Broke and Burned Out: Moms of ’08 Election?
Soccer moms, security moms ….. How will the mothers’ vote be labeled this year? Broke and burned out moms?
Possibly. A new survey of 12,000 women by Working America/AFL-CIO finds mothers so strapped financially that half said they’d take a second job if they had more free time. But they don’t have extra time; in fact, they have so little left after meeting the needs of employers and families, that nearly half of the women reported having either no time left or less than one hour a day.
Do you know a mother like this? She’s up early every day, getting herself and kids off to work or school (even babies and toddlers), cramming multiple tasks into each segment of the day, skipping lunch to get some mom duties done that cannot be done after bedtime, returning home to a “second shift” of cooking, cleaning, organizing, and high- to low-quality time with her family. Ever notice she’s online late at night? That’s an opportunity to get even more things done.
This strategy works for awhile but it won’t be long before she burns out. And if she spends her few free minutes each day reading, she might also become depressed to learn that mothers are 79% less likely to be hired than equally qualified non-mothers. And, as if that weren’t enough, she’ll discover the research that mothers are typically offered $11,000 lower starting pay than non-mothers with the same resume!
So “broke and burned out” fits the bill for this presidential election year’s label for the much-coveted mom vote. The Working America/AFL-CIO report concludes that moms need “more money and more time for themselves.” Will the presidential candidates--who want what may well be the swing vote of working women—acknowledge these real concerns? Not likely, Anna Quindlen argues in Newsweek . She says that cutesy labels like "soccer moms" and "security moms" seemingly give mothers a voice in elections. But since candidates ultimately do not take their concerns seriously, women might as well be Polly Pockets: tiny, plastic dolls who have no real voice or influence.
What can be done? Moms must make their voices heard, and there is reason for optimism here. Motherhood often redefines and revitalizes a woman’s political consciousness, say the authors of a collection of essays in the book, The Politics of Motherhood (edited by Alexis Jetter). Further, the Working America/AFL-CIO study says, "Despite the pressures, or perhaps because of them, working women continue to strongly support gains for women as a class. Eighty percent of the respondents say they identify with the goals and ideals of feminism, and 43 percent feel strongly about it. And they are not just hoping for change: 90 percent say they voted in the last election, and six in 10 support efforts to encourage voting by women."
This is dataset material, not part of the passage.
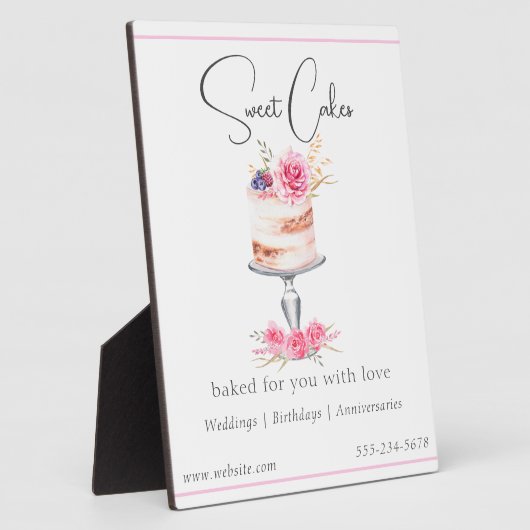 Elegante Rosa Bäckerei Kuchen Wasserfarben Fotoplatte (Seite)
Broke and burned out, yes. Political Polly Pockets, no. There is still time to let the candidates know that moms need equal pay, excellent child care and schools, paid family leave, and flexible work arrangements. Leverage that one hour left in the day to move America to become more mother-friendly. Join MomsRising.org (or other mom-friendly organizations) and take action quickly and easily via online petitions and campaigns. Or write to the candidates, attend their rallies, and talk to your friends and associates about your concerns and priorities. Then treat yourself to a well-earned nap.